There is chaos all around you caused by a hurricane with severe flooding. 
This is a flood of biblical proportions.
You are a photo-journalist working for a major newspaper, and you're 
caught in the middle of this epic disaster. 
The situation is nearly hopeless. 
You're trying to shoot career-making photos. 
There are houses and people swirling around you, some disappearing into the water. 
Nature is unleashing all of its destructive fury. 

** THE TEST: *** 
Suddenly, you see a man in the water. 
He is fighting for his life, trying not to be taken down with the debris. 
You move closer... 
Somehow, the man looks familiar....
You suddenly realize who it is.... It's the Muslim Cleric, Abu Hamza, the one-eyed, hook handed 
barsteward who hates non-Muslims and wants the UK to become an Islamic state!! 
You notice that the raging waters are about to take him under forever. 

You have two options: 
You can save the life of Abu 
or you can shoot a dramatic Pulitzer Prize winning photo, documenting the death of one of the 
country's most despised, evil and powerful men! 

*** NOW THE QUESTION: *** 
Here's the question, and please give an honest answer... 

Would you select high contrast colour film, or would you go with the classic simplicity of black and white?


----------



## Pudsey_Bear (Sep 25, 2008)

Oh dear, this might get painful.


----------



## barryd (May 9, 2008)

Kev_n_Liz said:


> Oh dear, this might get painful.


Yep.
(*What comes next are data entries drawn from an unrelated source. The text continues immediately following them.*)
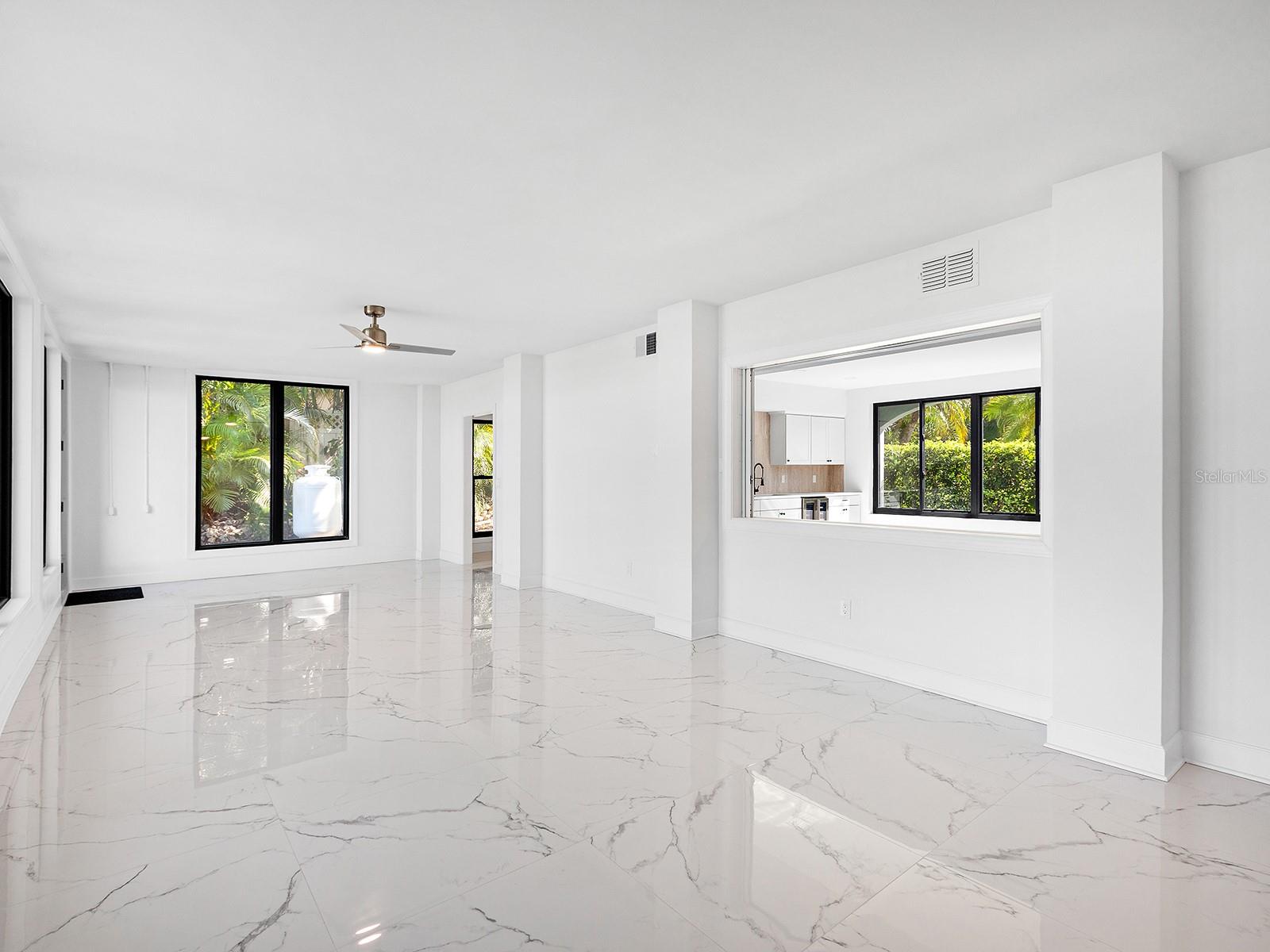 A4702047 Property Photo
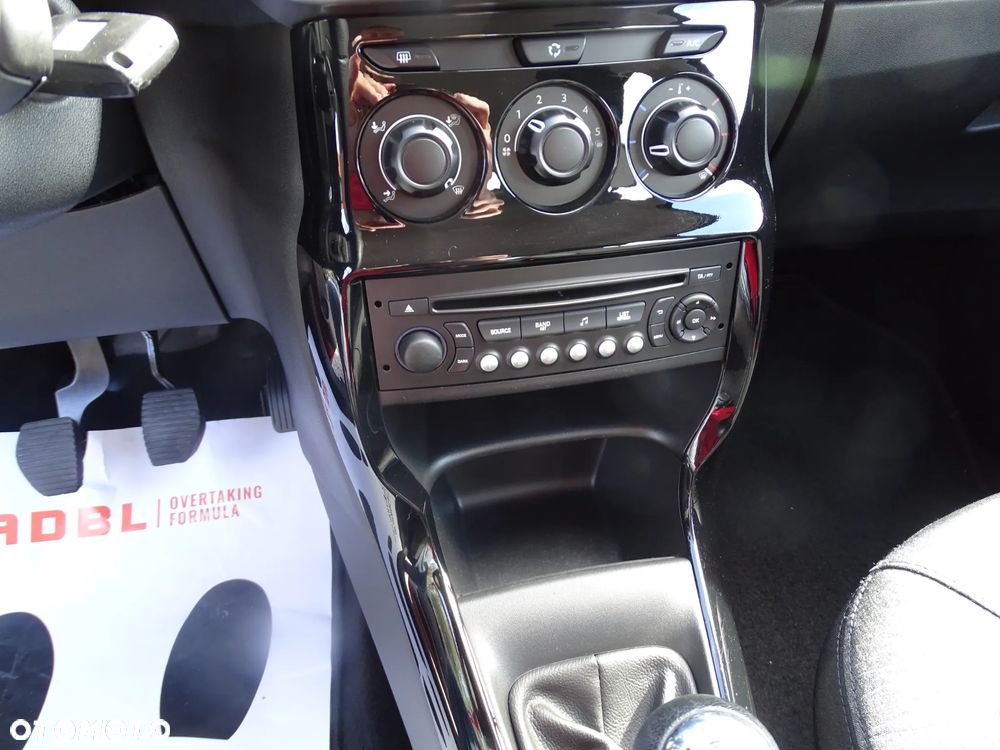 Citroën C3 1.6 BlueHDi Live S&S - 32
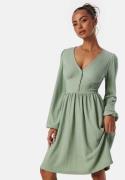 BUBBLEROOM Structure Button Short Dress Green L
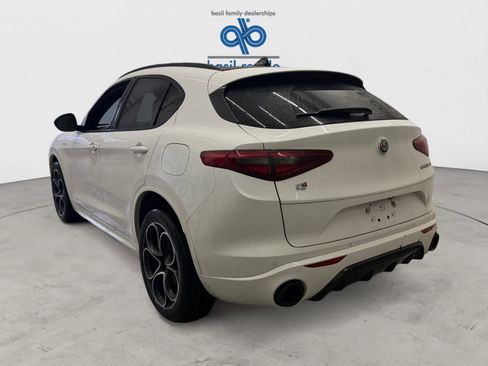 Used 2022 Alfa Romeo Stelvio Veloce image 4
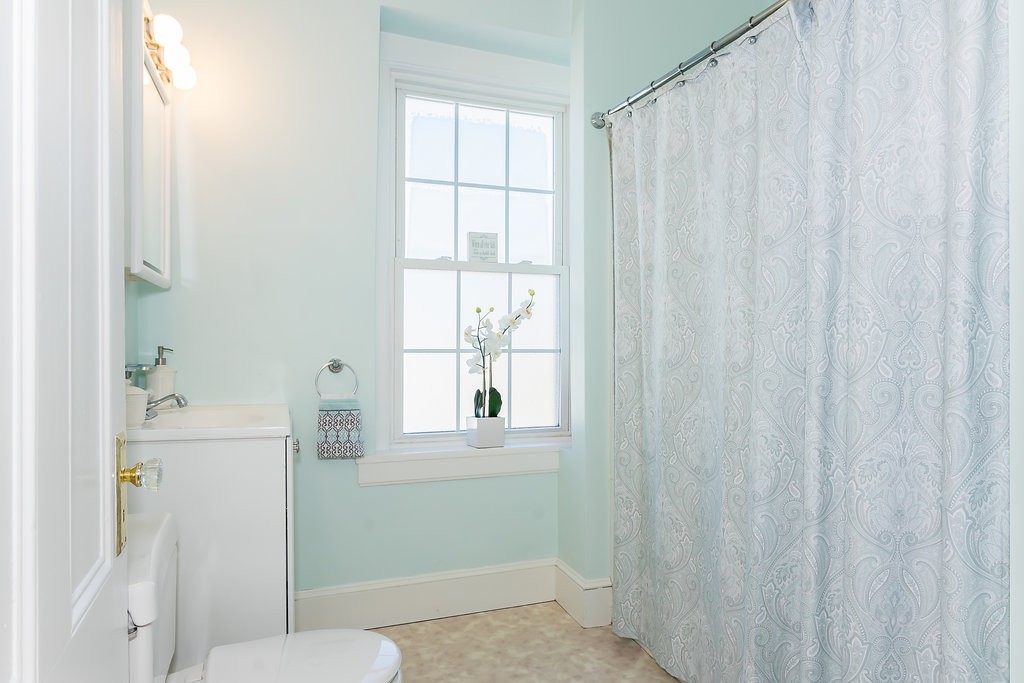 20 Paradise Road, Unit 1 Swampscott, MA 01907 - Photo 14 of 24 Gallery Image 14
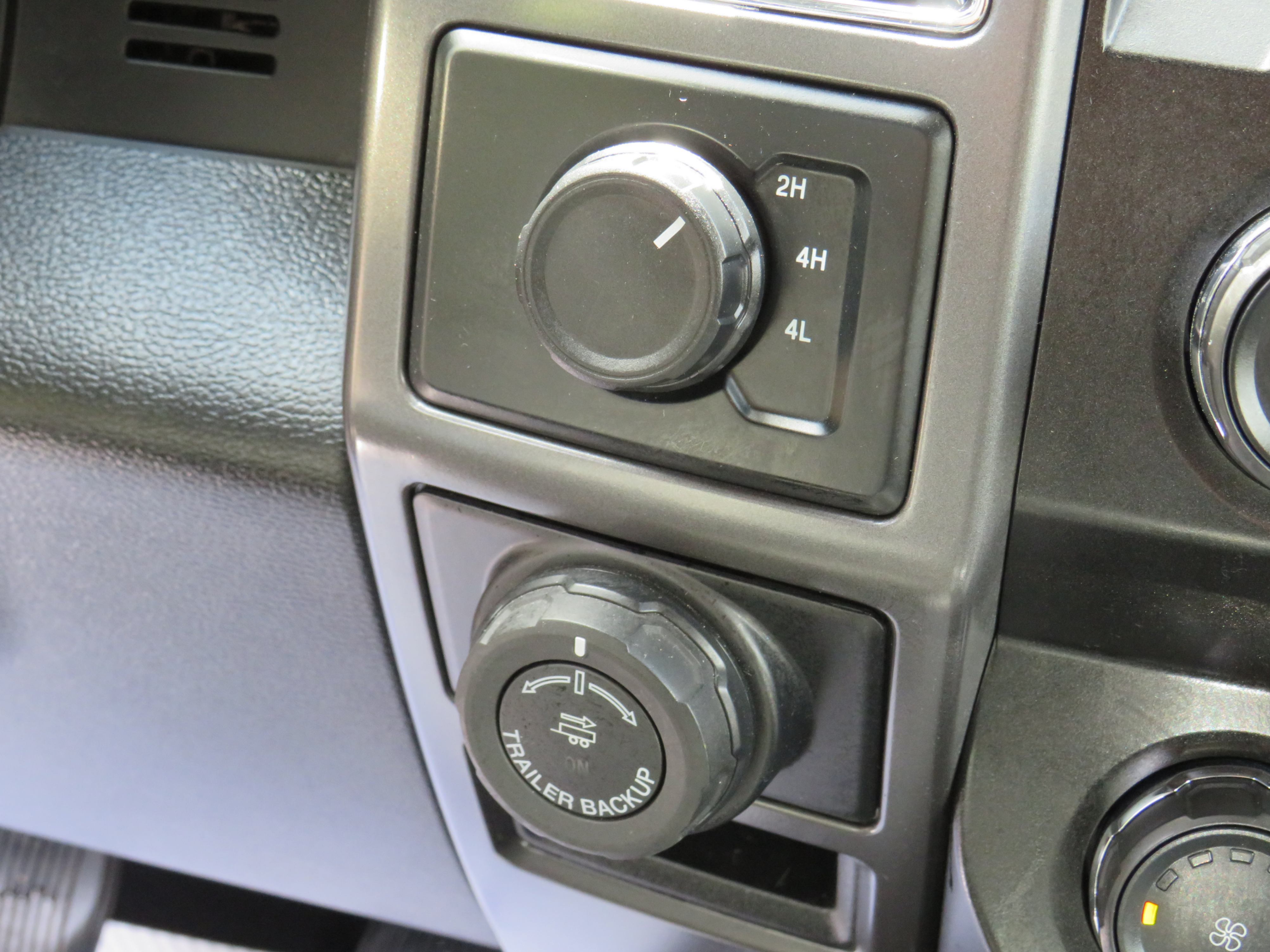 /laautomotive/2019-Ford-F-150-642052796641625.jpg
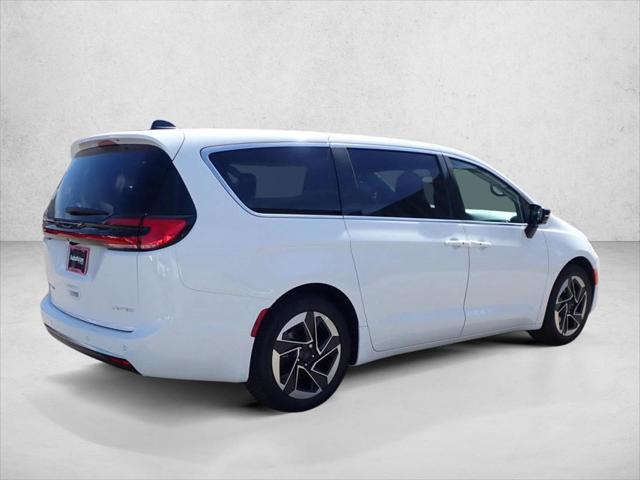 2027 Chrysler Pacifica Limited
Could be a night in the Bar for MM! 

Should we place bets for who is the first person to say they would have stood on his head and pushed him under?


----------



## bigbazza (Mar 6, 2008)

Don't change the film, you could get water in your camera 8O


----------



## Andysam (May 10, 2005)

Kev_n_Liz said:


> Oh dear, this might get painful.


Nah, no need. A colour photo is needed. No need to painstakingly deliberate over it.


----------



## locrep (Dec 5, 2011)

Smile & Click away...


----------



## blu66 (Dec 21, 2005)

Would I have to take my foot off his head first?


----------



## nicholsong (May 26, 2009)

blu66 said:


> Would I have to take my foot off his head first?


Most certainly you would - it is very bad to show the sole of one's shoe to an Arab.

Manners please!


----------



## 4maddogs (May 4, 2010)

Shows the age of the post! I am sure I remember this first with Idi Amin!!

Shoot in RAW and you can decide later if you want to desaturate to mono!!!


----------